## Directions
Would you give the number of lines below in which the string "Green" appears? Nothing else is needed.

## Records for processing
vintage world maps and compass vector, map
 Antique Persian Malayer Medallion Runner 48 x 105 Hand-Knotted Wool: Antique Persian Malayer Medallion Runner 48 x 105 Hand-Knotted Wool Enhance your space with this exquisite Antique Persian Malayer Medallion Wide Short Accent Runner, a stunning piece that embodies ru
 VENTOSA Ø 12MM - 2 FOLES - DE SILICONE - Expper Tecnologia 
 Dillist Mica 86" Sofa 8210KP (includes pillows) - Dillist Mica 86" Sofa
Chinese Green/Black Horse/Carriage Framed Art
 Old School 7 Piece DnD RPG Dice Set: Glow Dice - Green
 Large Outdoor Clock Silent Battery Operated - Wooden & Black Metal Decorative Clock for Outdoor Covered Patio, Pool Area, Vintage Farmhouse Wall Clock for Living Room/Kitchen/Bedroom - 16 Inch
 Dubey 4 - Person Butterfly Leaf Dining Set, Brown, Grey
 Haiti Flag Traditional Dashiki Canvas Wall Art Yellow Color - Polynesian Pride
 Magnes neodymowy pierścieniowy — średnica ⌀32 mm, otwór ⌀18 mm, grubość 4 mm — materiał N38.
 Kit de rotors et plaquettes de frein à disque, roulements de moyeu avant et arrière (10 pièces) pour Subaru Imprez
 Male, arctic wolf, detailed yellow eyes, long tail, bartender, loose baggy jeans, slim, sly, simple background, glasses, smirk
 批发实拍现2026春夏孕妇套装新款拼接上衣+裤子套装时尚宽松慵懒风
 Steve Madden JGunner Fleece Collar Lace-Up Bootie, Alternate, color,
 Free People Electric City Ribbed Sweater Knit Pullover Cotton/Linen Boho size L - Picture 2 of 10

## Expected output
2